Em A Meia-Irmã Feia temos uma provocativa releitura da clássica história da Cinderela. Na trama, Elvira luta contra sua linda meia-irmã, a Cinderela em questão, em um reino onde a beleza suprema reina. Ela recorre a medidas extremas para cativar o príncipe, em meio a uma competição implacável pela perfeição física.

Recontando uma história secular, o filme se atualiza ao focar em temas que permanecem em debate na nossa realidade contemporânea. A pressão por padrões estéticos, a necessidade compulsória de ser amada, o ridículo que não encontrar espaço para ser quem se é. Ao trabalhar esses pontos em uma abordagem de body horror, Emilie Blichfeldt, em sua estreia como diretora, acrescenta ainda mais uma camada de atualidade na história.
O corpo como causa de horror é um gênero cinematográfico definitivamente em alta. Pense em A Substância (2024), Juntos (2025) e Titane (2021), por exemplo. Grandes títulos recentes do gênero onde o mais aterrador para a protagonista é algo que acontece com seu corpo. Não por acaso, são todas histórias de protagonismo feminino. Como diz o meme que circula por aí, às vezes um filme de body horror é apenas um filme sobre uma mulher.

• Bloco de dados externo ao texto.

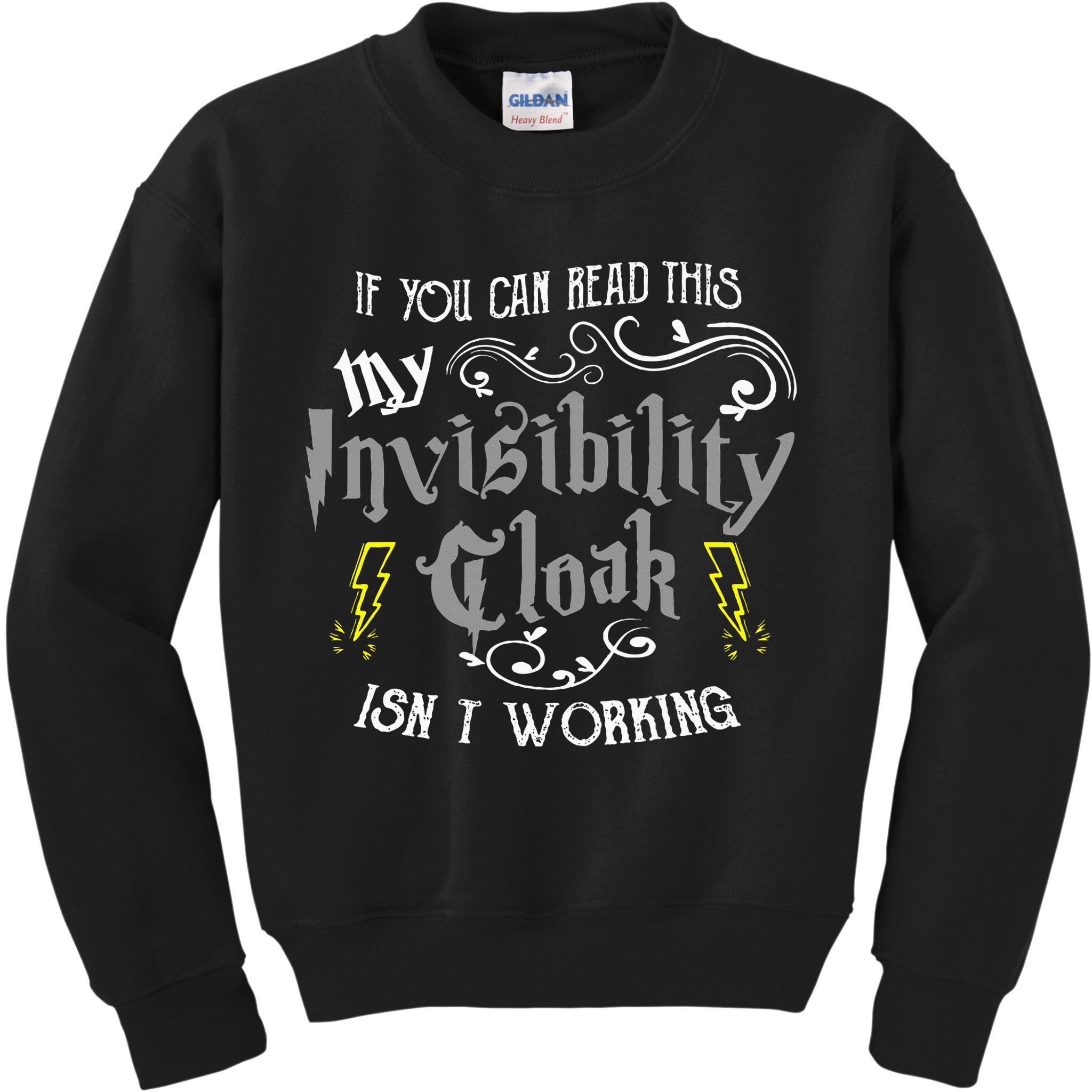 If You Can Read This My Invisibility Cloak Isn't Working Fun Kids Sweatshirt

A Meia-Irmã Feia conecta todas essas pontas, origem e releitura, clássico e atualidade, com grande maestria. Com algum humor, essa história é (re)contada em uma execução cuidadosa e estéticamente encantadora. É impossível ver a escalada vertiginosa de obsessão pela beleza de Elvira e não sentir algo de cômico, enternecedor e angustiante. A vontade é de sacudi-la pelos ombros e dizer “Mulher, pare de se cobrar tanto!”. Mas sendo honestas, nós mesmas conseguimos deixar de lado essa cobrança interna? A resposta você já sabe. Por isso, é tão natural se conectar com essa história. Inevitável, eu diria.
Destaque no Festival de Cinema de Sundance e Berlin International Film Festival 2025, A Meia-Irmã Feia levou mais de 700 mil pessoas aos cinemas do México e estreia exclusivamente nos cinemas brasileiros no dia 23 de outubro, com cópias dubladas e legendas, com distribuição da Mares Filmes e a Alpha Filmes.